PHOTO: Senate Bill 312 would require reporting of all above-ground tanks storing toxic chemicals that are close to sources of surface-level drinking water in Indiana. Photo credit: Gnangarra/Wikimedia.
 By Mary KuhlmanContact
March 26, 2015

INDIANAPOLIS – A West Virginia chemical spill that contaminated the drinking-water source for 300,000 people last year is serving as a cautionary tale in Indiana.

Supporters of Senate Bill 312 say it would help prevent a similar environmental disaster in Indiana by protecting drinking-water sources.

Indra Frank, health project director for the Hoosier Environmental Council, explains the legislation would require owners of above-ground storage tanks to report the location and size of those tanks to state regulators.

"Some tanks are currently under reporting requirements from certain federal laws, but not all of them," Frank says. "This bill is intended to fill that gap, and have reporting of the rest of the tanks for Indiana."

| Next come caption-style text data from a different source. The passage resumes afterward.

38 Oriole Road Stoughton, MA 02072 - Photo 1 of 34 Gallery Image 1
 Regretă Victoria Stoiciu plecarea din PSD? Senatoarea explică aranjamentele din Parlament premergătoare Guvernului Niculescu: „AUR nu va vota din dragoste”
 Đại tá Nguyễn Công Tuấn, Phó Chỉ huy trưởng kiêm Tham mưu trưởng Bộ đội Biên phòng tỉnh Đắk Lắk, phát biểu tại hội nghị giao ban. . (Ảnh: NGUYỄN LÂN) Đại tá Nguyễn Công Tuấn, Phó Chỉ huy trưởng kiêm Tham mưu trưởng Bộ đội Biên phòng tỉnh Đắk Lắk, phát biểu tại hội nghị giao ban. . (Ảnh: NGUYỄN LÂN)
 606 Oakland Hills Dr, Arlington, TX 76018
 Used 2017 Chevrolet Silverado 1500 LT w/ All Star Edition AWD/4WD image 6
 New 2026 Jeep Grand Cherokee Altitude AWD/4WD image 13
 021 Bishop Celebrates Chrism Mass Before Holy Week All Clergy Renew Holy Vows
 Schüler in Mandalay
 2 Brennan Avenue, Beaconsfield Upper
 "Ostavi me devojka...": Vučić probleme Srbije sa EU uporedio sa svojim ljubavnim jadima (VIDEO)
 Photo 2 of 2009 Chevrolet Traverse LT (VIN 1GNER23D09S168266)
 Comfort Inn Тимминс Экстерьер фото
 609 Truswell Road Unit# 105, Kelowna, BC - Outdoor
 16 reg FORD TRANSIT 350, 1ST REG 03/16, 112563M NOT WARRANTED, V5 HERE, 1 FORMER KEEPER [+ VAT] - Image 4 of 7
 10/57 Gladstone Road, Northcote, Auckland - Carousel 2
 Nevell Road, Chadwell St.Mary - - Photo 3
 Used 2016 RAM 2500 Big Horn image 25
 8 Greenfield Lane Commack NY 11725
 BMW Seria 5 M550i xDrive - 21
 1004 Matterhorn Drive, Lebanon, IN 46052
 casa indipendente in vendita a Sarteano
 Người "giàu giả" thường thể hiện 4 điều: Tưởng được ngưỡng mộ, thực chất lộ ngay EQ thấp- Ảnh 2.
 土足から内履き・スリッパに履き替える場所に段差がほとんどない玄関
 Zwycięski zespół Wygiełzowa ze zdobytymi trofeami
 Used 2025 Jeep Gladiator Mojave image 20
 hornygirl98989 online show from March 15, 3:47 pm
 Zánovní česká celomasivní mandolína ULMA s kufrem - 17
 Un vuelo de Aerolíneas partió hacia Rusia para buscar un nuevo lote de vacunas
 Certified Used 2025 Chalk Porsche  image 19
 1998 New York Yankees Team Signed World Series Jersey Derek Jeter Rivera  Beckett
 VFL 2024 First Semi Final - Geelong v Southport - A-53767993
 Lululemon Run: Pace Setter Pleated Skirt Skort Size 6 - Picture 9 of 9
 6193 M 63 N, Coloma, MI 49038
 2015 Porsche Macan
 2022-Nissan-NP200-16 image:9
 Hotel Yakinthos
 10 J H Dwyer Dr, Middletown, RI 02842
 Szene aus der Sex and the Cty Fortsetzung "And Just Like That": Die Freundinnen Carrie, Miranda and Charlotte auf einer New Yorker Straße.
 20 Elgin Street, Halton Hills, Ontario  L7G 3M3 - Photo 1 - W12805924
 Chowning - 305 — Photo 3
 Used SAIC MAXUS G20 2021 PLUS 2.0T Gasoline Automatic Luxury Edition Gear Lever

There are more than 9,500 above-ground storage tanks in Indiana, and Frank says 450 of them are considered direct threats because of their proximity to a drinking-water source. The spill in West Virginia spread down a river for nearly 400 miles and was caused by two corroded, leaking ground storage tanks.

Frank points out that storage tanks contain industrial byproducts and pesticides – chemicals that, if released into the environment, could be harmful to people and wildlife. She says the bill aims to get a better picture of the threat the tanks pose, but feels it was gutted during the legislative process.

"Unfortunately, there were some amendments that were made as it went through the Senate that have weakened the bill," she notes. "In particular, 22 different exemptions were put in, and the size of the tanks that require reporting was made larger."